5. La prosecución eficaz de una tarea tan noble supone por parte de las Iglesias orientales un renovado y generoso impulso en la formación de los futuros pastores, en la celebración de la sagrada liturgia como centro vital de la comunidad, en la atención constante a las necesidades de los hermanos mediante gestos de caridad concreta y en la propuesta de una catequesis que, recorriendo los fundamentos de la fe cristiana, transmita la "buena nueva" como levadura de la vida diaria, en comunión con la Iglesia universal, comprometida en la nueva evangelización, en el umbral de un nuevo milenio cristiano.

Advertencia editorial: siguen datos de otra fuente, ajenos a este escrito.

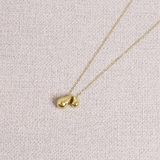 Collier Bruna - Boutique We Are ParisLes Cléias Acier Inoxydable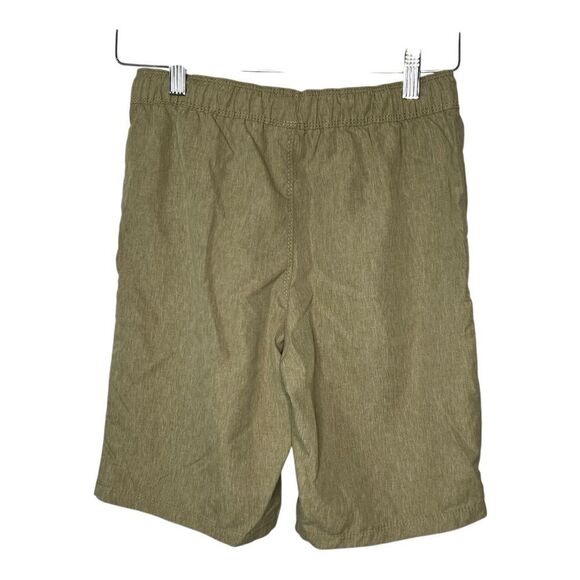 Hurley Boys L Activewear Pull On Shorts - Picture 2 of 5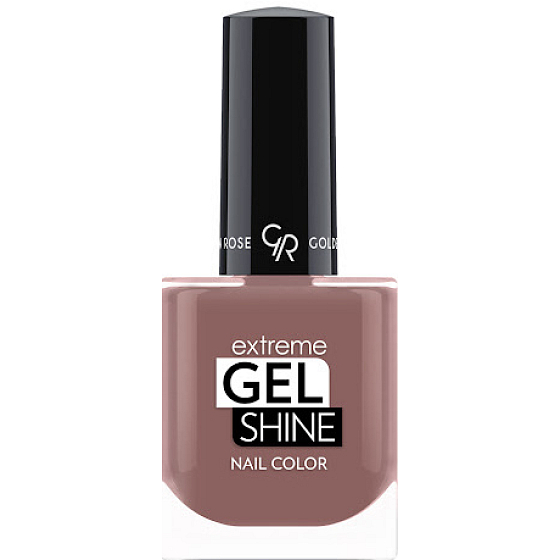 Golden Rose Extreme Gel Shine lak na nehty 48 10,2 ml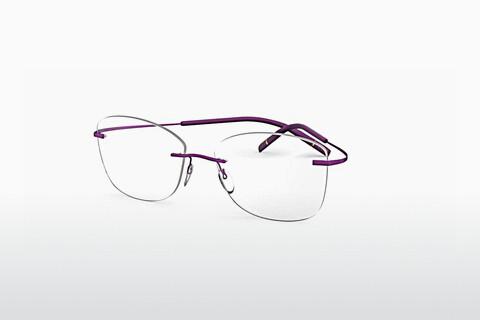 משקפיים Silhouette TMA Icon (5541-AW 4040)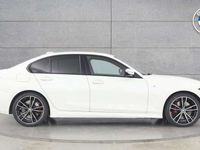 used BMW 320 3 Series i M Sport Saloon 2.0 4dr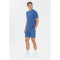 VIRTUS Nessee Trainingsshirt Herren 2299 - bright cobalt S
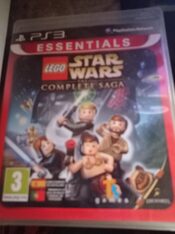 LEGO Star Wars: The Complete Saga PlayStation 3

El mundo en el que vivimos "ha sufrido tales y tantas transformaciones culturales, políticas, sociales y económicas, que es preciso plantear el problema de la evangelización en términos totalmente nuevos"[12]. Por tanto, es necesario estudiar una "nueva cualidad de evangelización, que sepa proponer de modo convincente al hombre de hoy el mensaje perenne de la salvación"[13]. Sobre todo, es necesario acelerar el paso hacia la reconciliación plena entre las Iglesias y dentro de las comunidades eclesiales[14]. Si la Iglesia es "en Cristo como un sacramento o signo e instrumento de la unión íntima con Dios y de la unidad de todo el género humano"[15] y tiene una tarea que desarrollar en favor de la reconciliación de toda la humanidad, esta vocación no puede realizarse con plena eficacia mientras existan divisiones entre los creyentes en Cristo.

Quiera Dios que la perspectiva del ya próximo jubileo del año 2000 suscite en todos una actitud de humildad, capaz de realizar la "necesaria purificación de la memoria histórica"[16] a través de la conversión del corazón y la oración, de modo que favorezca la petición y el ofrecimiento recíproco de perdón por las incomprensiones de los siglos pasados.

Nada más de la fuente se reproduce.